HYMNS in Greek like Phôs Hilaron were useless in the West, where everyone spoke Latin; but by the fourth century Italians, Gauls and Spaniards were beginning to write hymns in Latin. A great stimulus was given to this in 384, when the Empress Justina, who was a follower of the heretic Arius, tried to seize for her sect one of the churches in Milan. Ambrose, the Bishop, shut himself up in it with a crowd of Catholics, and Augustine, who was in Milan at the time, tells how "the people kept ward in the church ready to die with their Bishop, and my mother was one of them." "To save them," he says, "from being worn out by their long vigil," Ambrose produced a bundle of Latin hymns that he had written, and the siege developed into an all-day and all-night choir- practice, "Thus it was," he continues, "that the Eastern custom of hymn-singing began among us, and from that day to this it has been retained, and almost all congregations throughout the rest of the world now follow our example."

 

Ambrose is the first great name in Latin hymnody, and translations of some of his hymns are in modern hymnals (e.g.
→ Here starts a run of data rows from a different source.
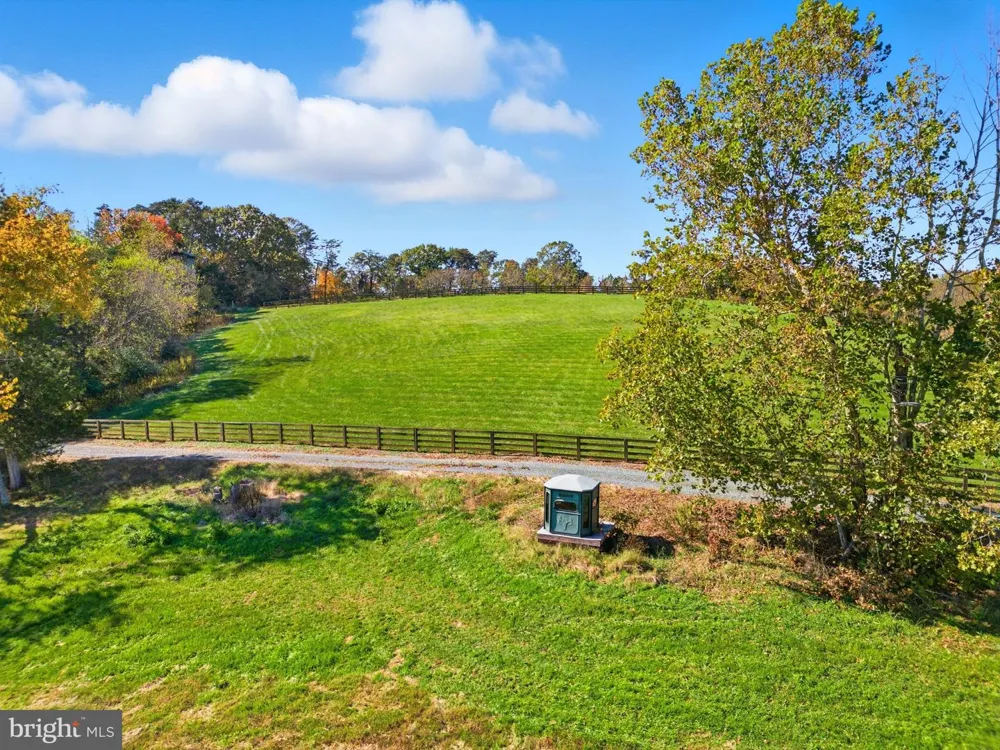240 STONELEIGH ROAD Palmyra, VA 22963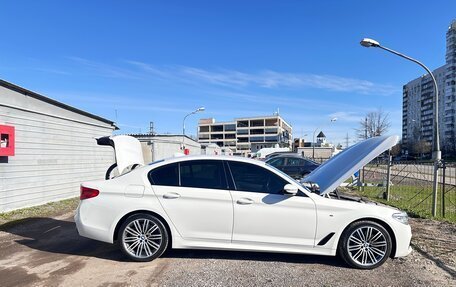 BMW 5 серия, 2019 год, 4 900 000 рублей, 21 фотография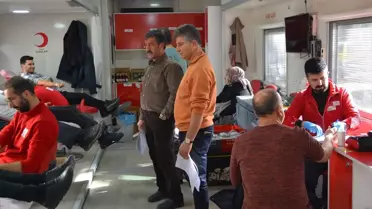 Tatvan’da Kızılay ve ÖNDER İş Birliğiyle Kan Bağışı Kampanyası Başladı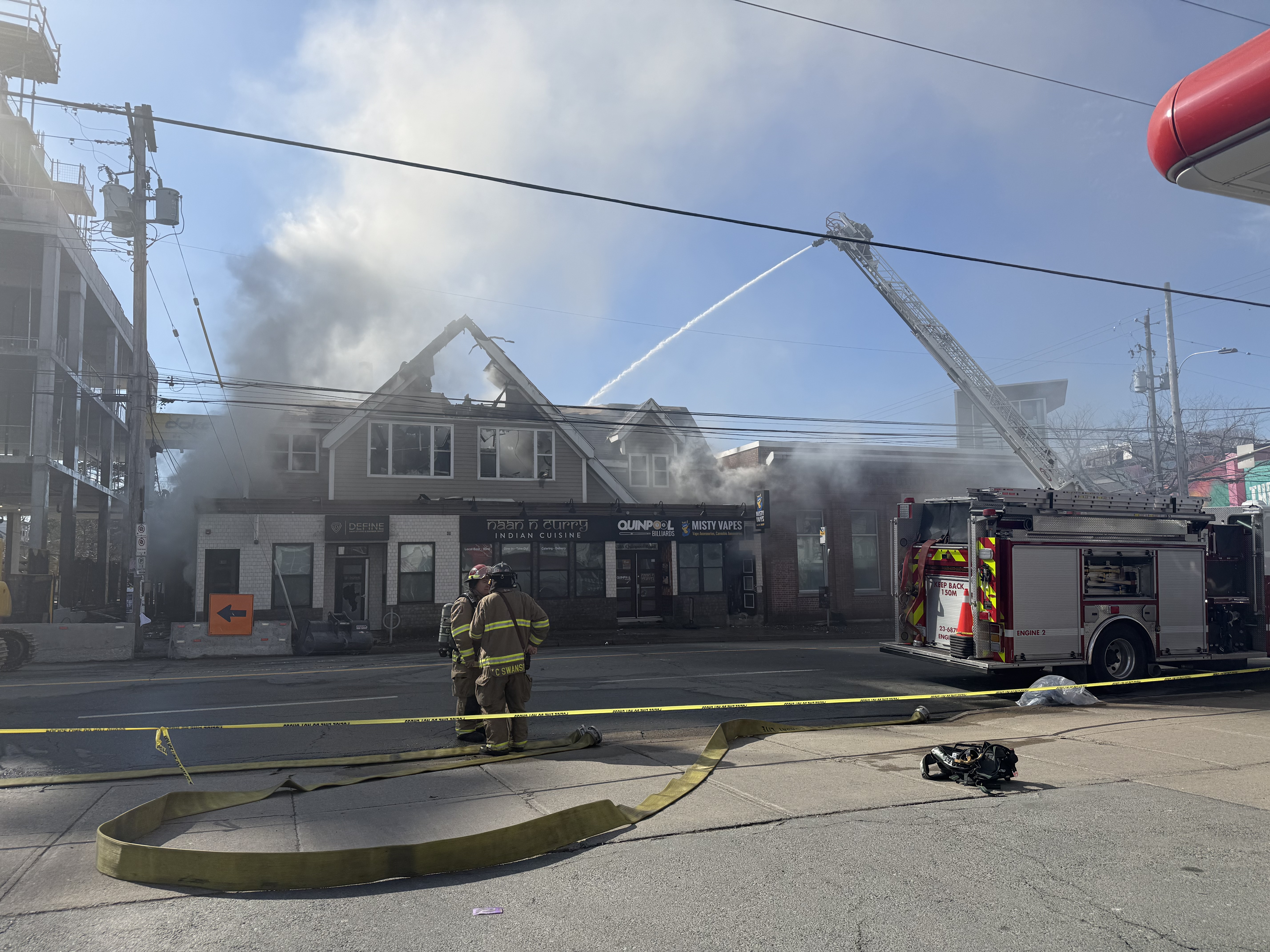 сграда на Quinpool Road в Халифакс която съдържа апартаменти фирми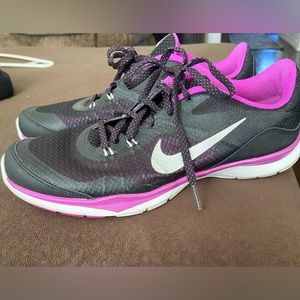 Women’s Nike shoes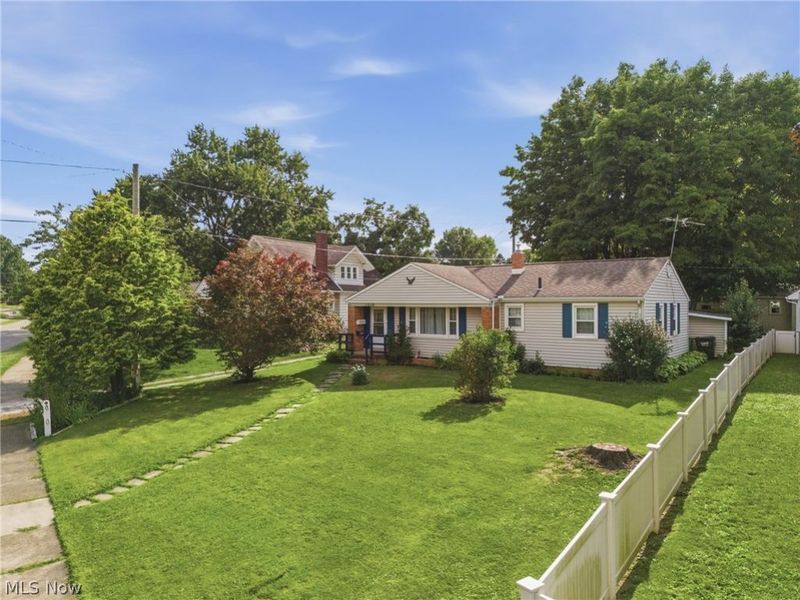 1539 Parkway Boulevard, Alliance, OH 44601 Photo 3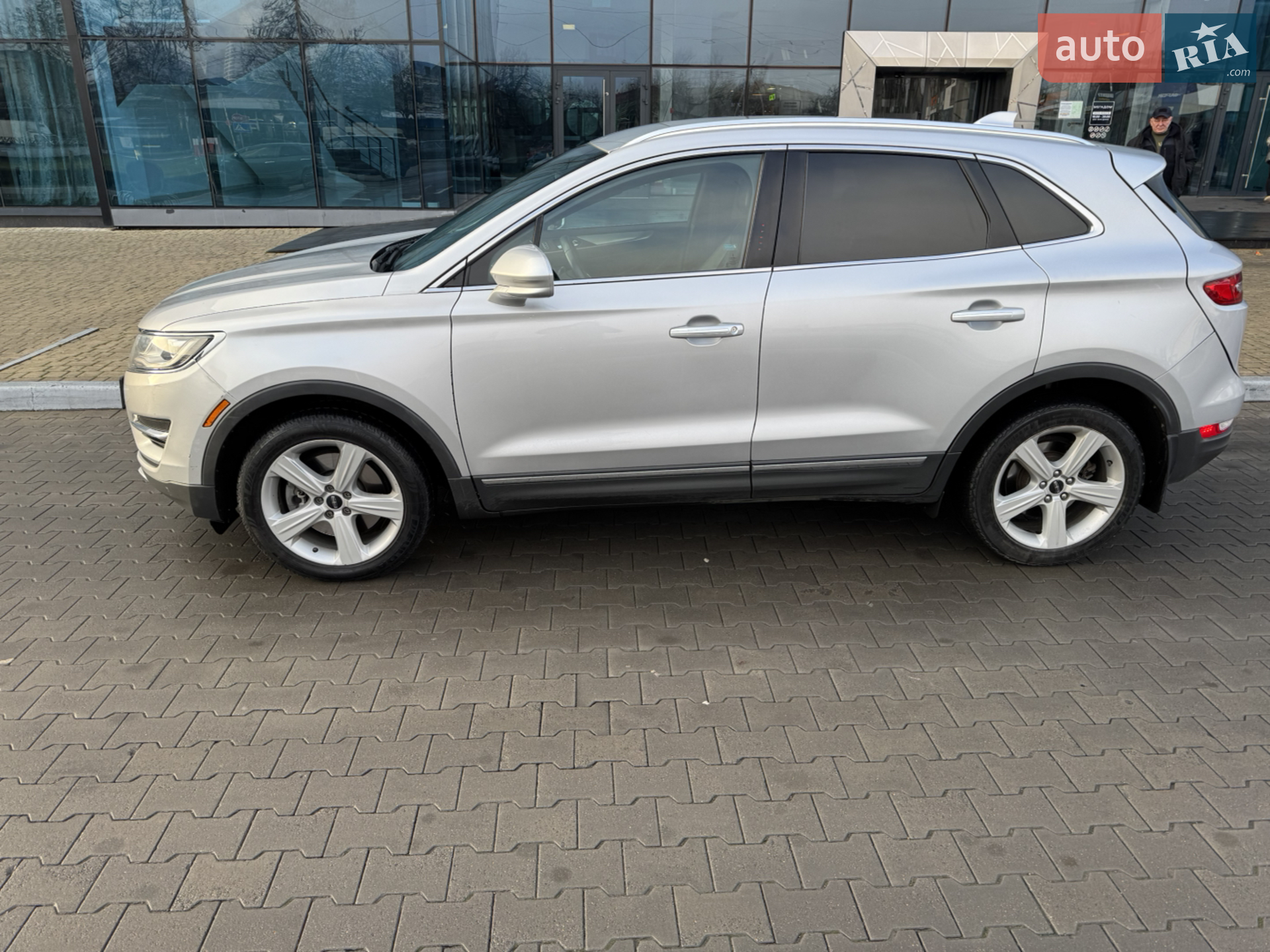 2017 Lincoln MKC - мініатюра 3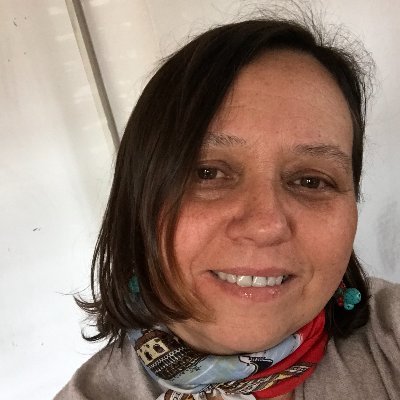 Comunicadora audiovisual, feminista y archivera en formación.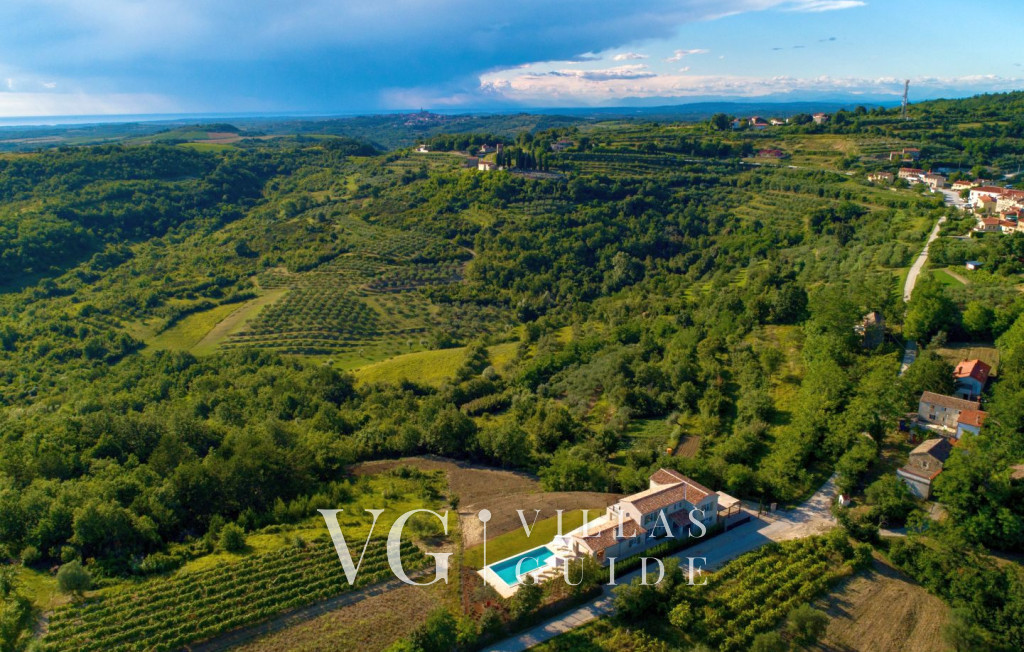 Villa Oliva - Buje Dvorište i vanjski dio objekta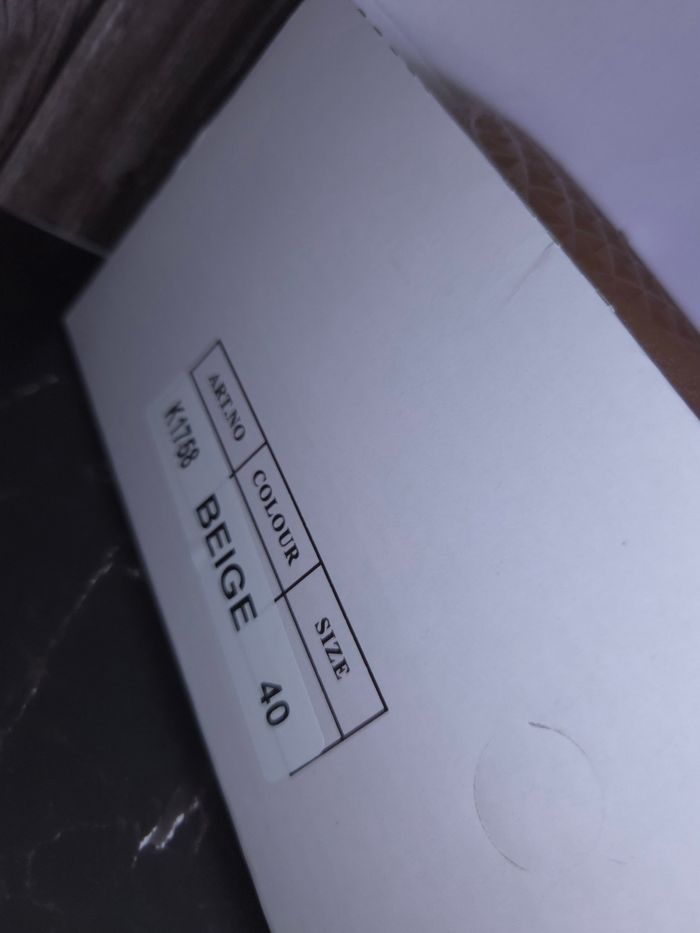 Baskets femmes beige tendances - Taille 40 - NEUVES 🌟 - photo numéro 4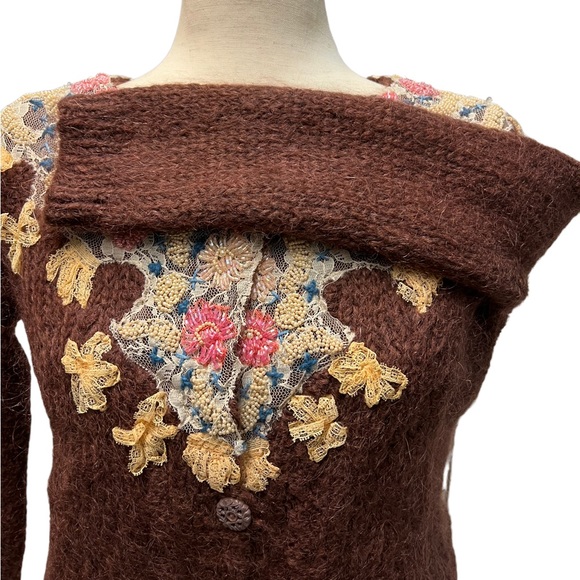 Vintage Free People Antique Lace Seed Pearl Beaded Brown Wool Cropped Cardigan - Picture 10 of 14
A.M. 9, 10 and 11); these however are mainly museum pieces, interesting for their antiquity, but too cold and stiff to make much appeal today.

 

Prudentius, the next great Latin hymnist, is more to our taste, but his hymns, e.g. "Earth hath many a noble city," need little exposition. When we reach however the Passiontide Processionals of Venantius Fortunatus, the Vexilla Regis and the Pange Lingua—"The Royal

Banners forward go" and "Sing, my tongue, the glorious battle"—comment is clearly called for.

 

We know exactly when and why these hymns were written. The story begins with the Empress Helena, the mother of Constantine (whom Geoffrey of Monmouth asserts to have been a daughter of the legendary King Coel of Colchester, who called for his fiddlers three).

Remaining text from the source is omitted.